2020.12.18

私は微力だけど、無力ではない(編集KO)

これは、作家・温又柔さんが木村友祐さん宛の書簡に書かれた一節です。このお二人の往復書簡は『私とあなたのあいだ ―いま、この国で生きるということ』と題して、明石書店より出版されています。持てる者と持たざる者、性と性、国家と家族、リアルとバーチャル――社会にはいくつもの「あいだ」があり、それは時として「分断」につながり、「境界線」の向こう側の人を差別したり、攻撃したりする。でももっと怖いのは、誰かが引いた境界線に何の疑問も持たず、無自覚に受け入れてしまうことなのかもしれない……。温さんと木村さんの率直な言葉のやりとりと、そしてこのSPUR2月号「彼女たちはどう闘うか」企画を通じて、改めてそう思いました。

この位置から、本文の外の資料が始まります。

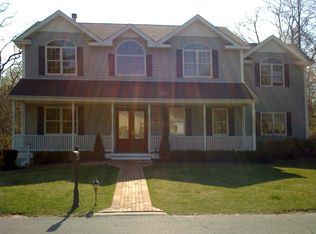 31 Russet Ln, Huntington, NY 11743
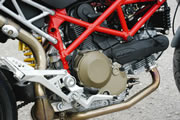 DUCATI Hypermotard1100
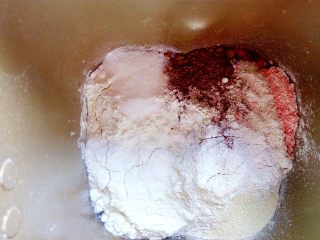 1、心相印红丝绒麻薯软欧,将面团材料中除黄油的所有材料放入面包桶。预留10克左右的水视情况添加。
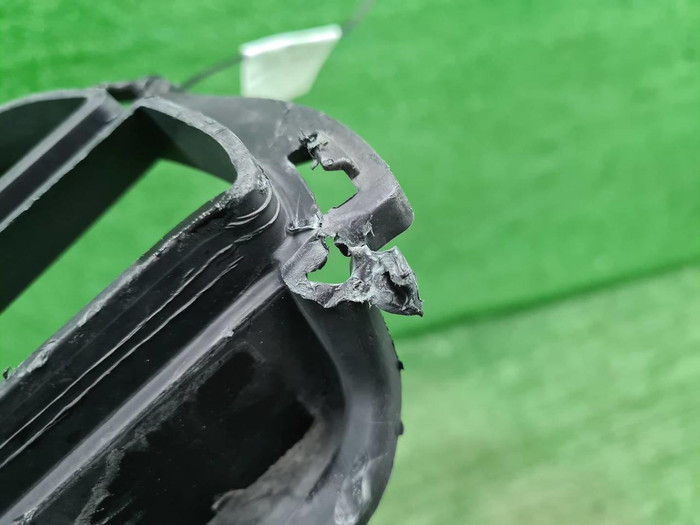 Решетка переднего бампера Mini Hatch F56 13-21 JCW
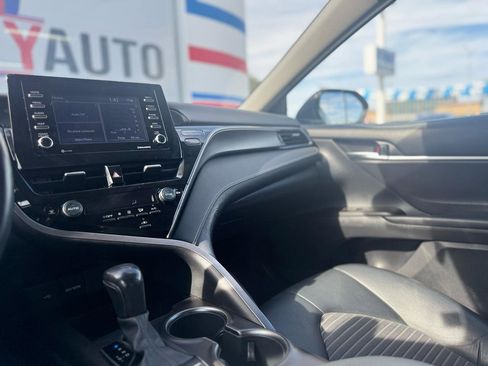 Used 2022 Toyota Camry SE image 39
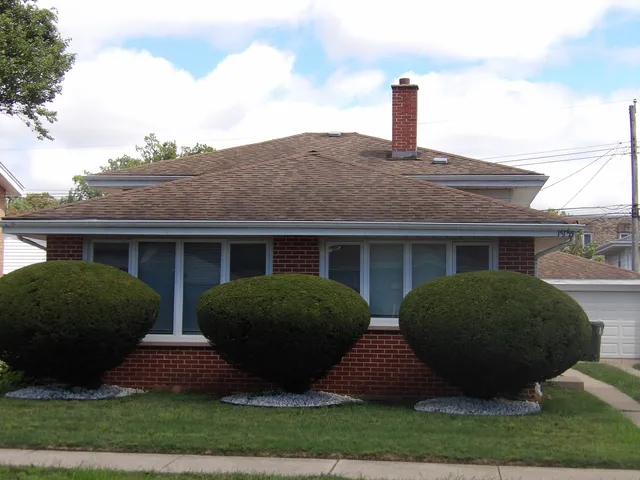 $179,000 | 15133 Diekman Court, Dolton, IL 60419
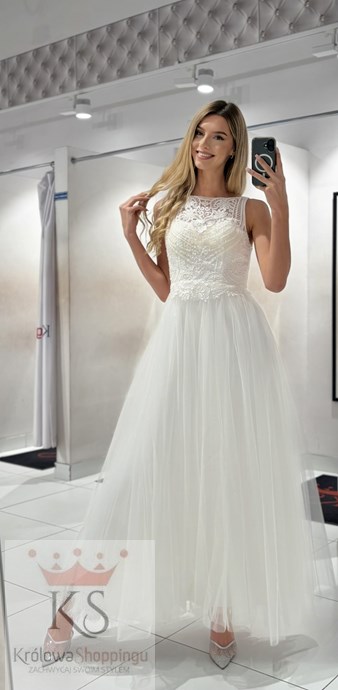 Sukienka długa koronkowa zabudowana góra biel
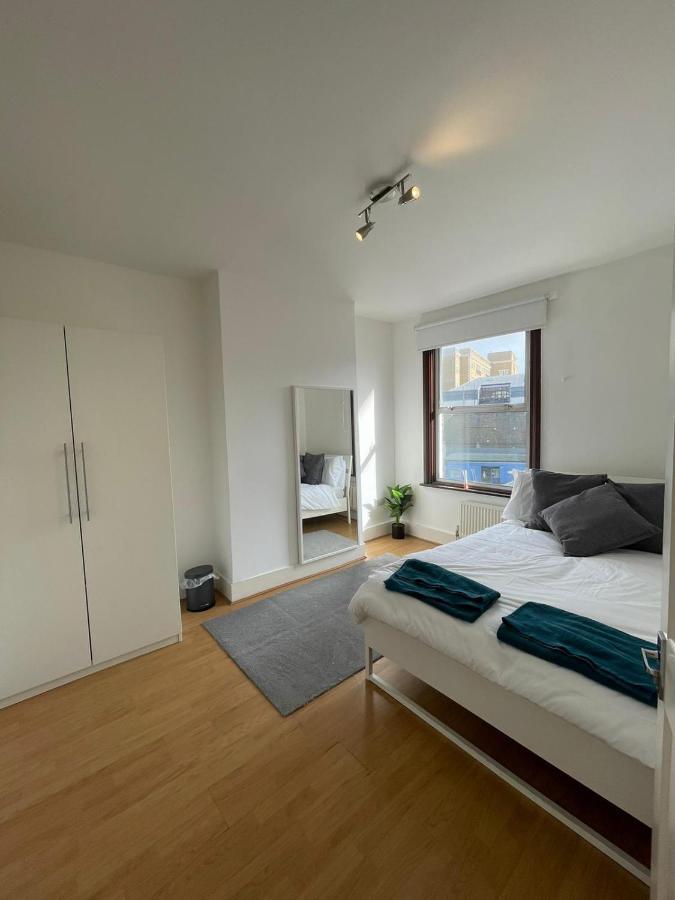 Amazing 3 Bedroom Flat Minutes From Tower Bridge Londres Extérieur photo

今回、スプツニ子!さん、伊藤詩織さん、そして温さんが教えてくださった注目の海外アクティビストは、政治、IT、映画や音楽など、さまざまな分野で女性差別や社会の不均衡と闘っている女性たちです。特に、AI(人工知能)にひそむ差別構造の問題に切り込んだジョイ・ブオラムウィーニや、児童婚への抗議活動を行うアフガニスタン出身のミュージシャン、ソニータ・アリザデは、個人的に今回の企画で初めて知った人たち。「こんなすごい人がいるんだ!」という感嘆とともに、現代社会を取り巻く問題は数限りなくあり、そのほとんどが容易に解決可能とはいかない現実に気持ちがやられてしまいそうにもなるのですが……そこで唱えたいのが、冒頭の温さんの言葉と、本企画の最後に上野千鶴子先生が語ってくださった「自分の子どもたちに、もう少しはマシな社会を手渡したいと思うなら、一歩一歩政治と制度を変えていくしかない」というメッセージ。

ちょっと硬いテーマではありますが、一人でも多くの方に読んでいただきたい企画です。